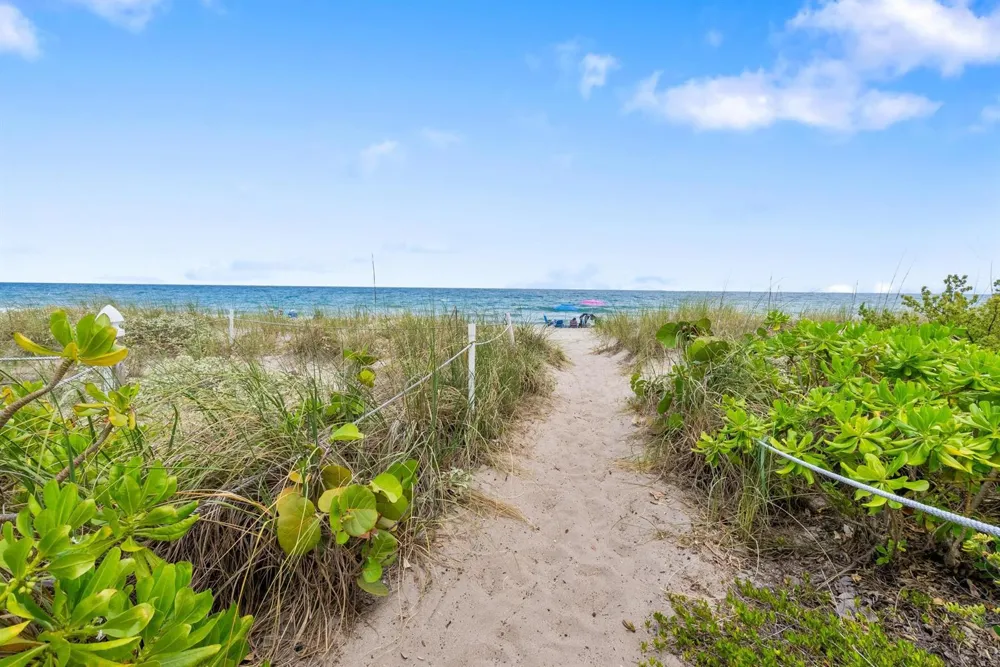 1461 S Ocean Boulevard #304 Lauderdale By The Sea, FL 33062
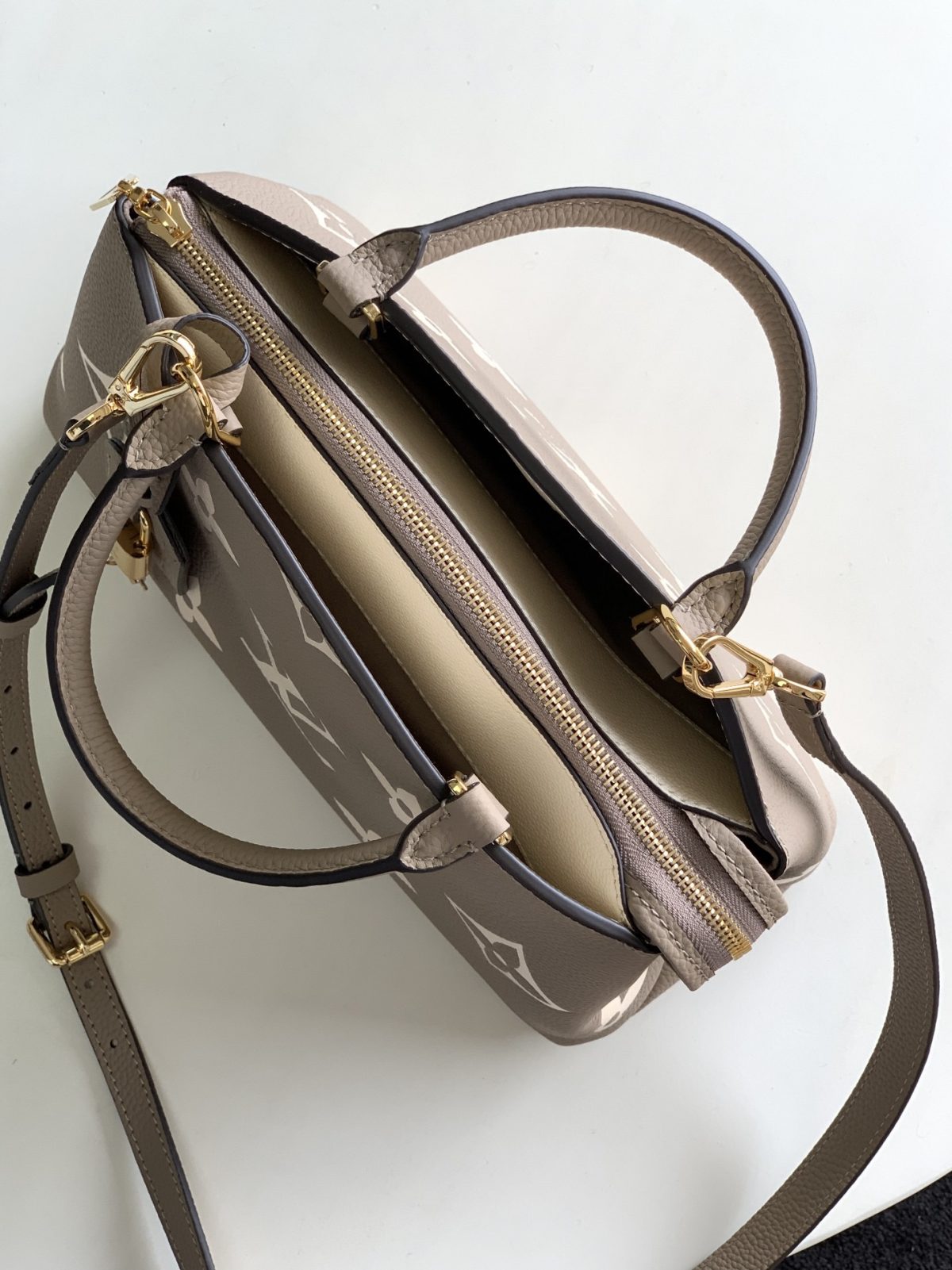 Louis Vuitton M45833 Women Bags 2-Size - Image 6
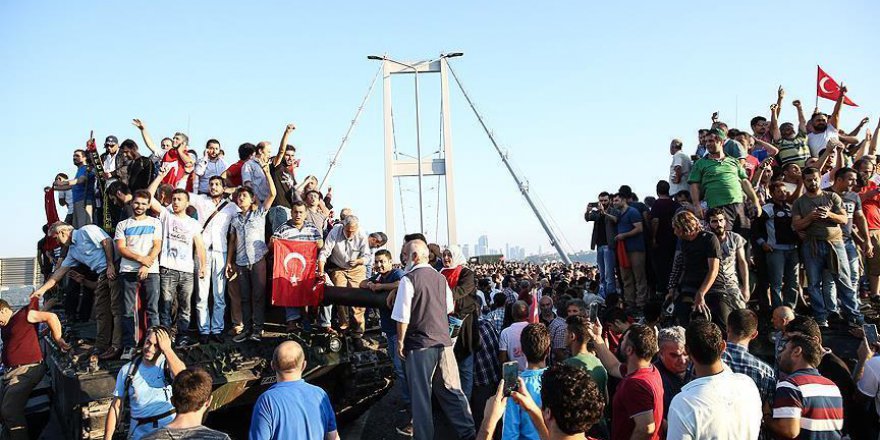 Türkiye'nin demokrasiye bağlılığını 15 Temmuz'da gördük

--

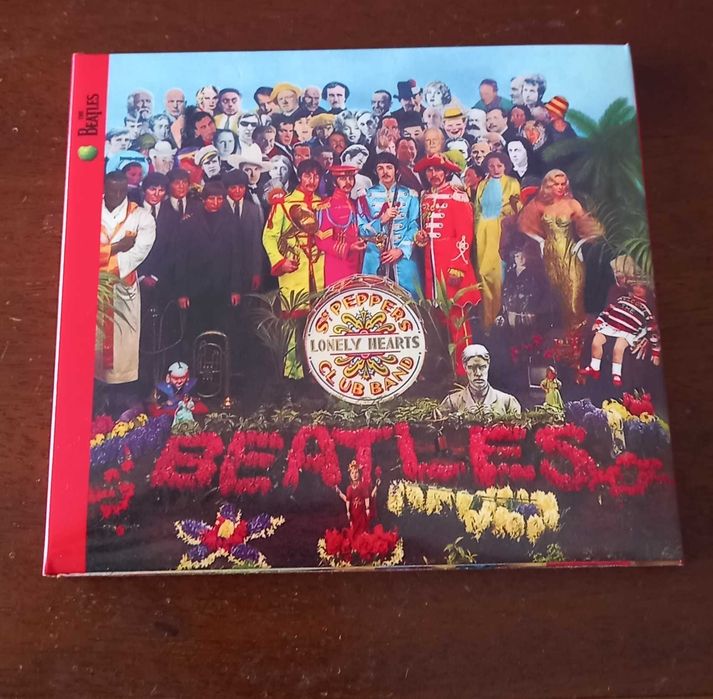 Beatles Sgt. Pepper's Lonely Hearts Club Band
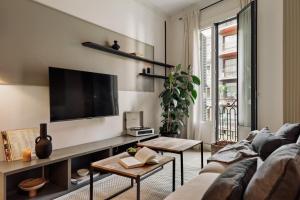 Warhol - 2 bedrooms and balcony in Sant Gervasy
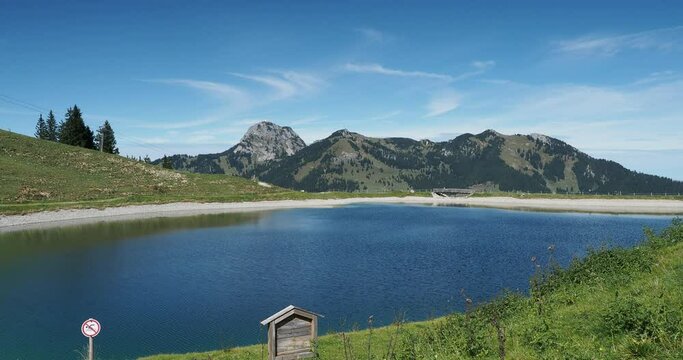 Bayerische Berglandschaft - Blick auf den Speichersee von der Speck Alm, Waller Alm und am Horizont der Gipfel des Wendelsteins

TASK DESCRIPTION »
Skipping every picture, transcribe exactly the lines above from the one containing "Louis Vuitton M45833" through the one containing "Türkiye'nin demokrasiye bağlılığını", both included.

RESPONSE TO THIS TASK »
 Louis Vuitton M45833 Women Bags 2-Size - Image 6
 Türkiye'nin demokrasiye bağlılığını 15 Temmuz'da gördük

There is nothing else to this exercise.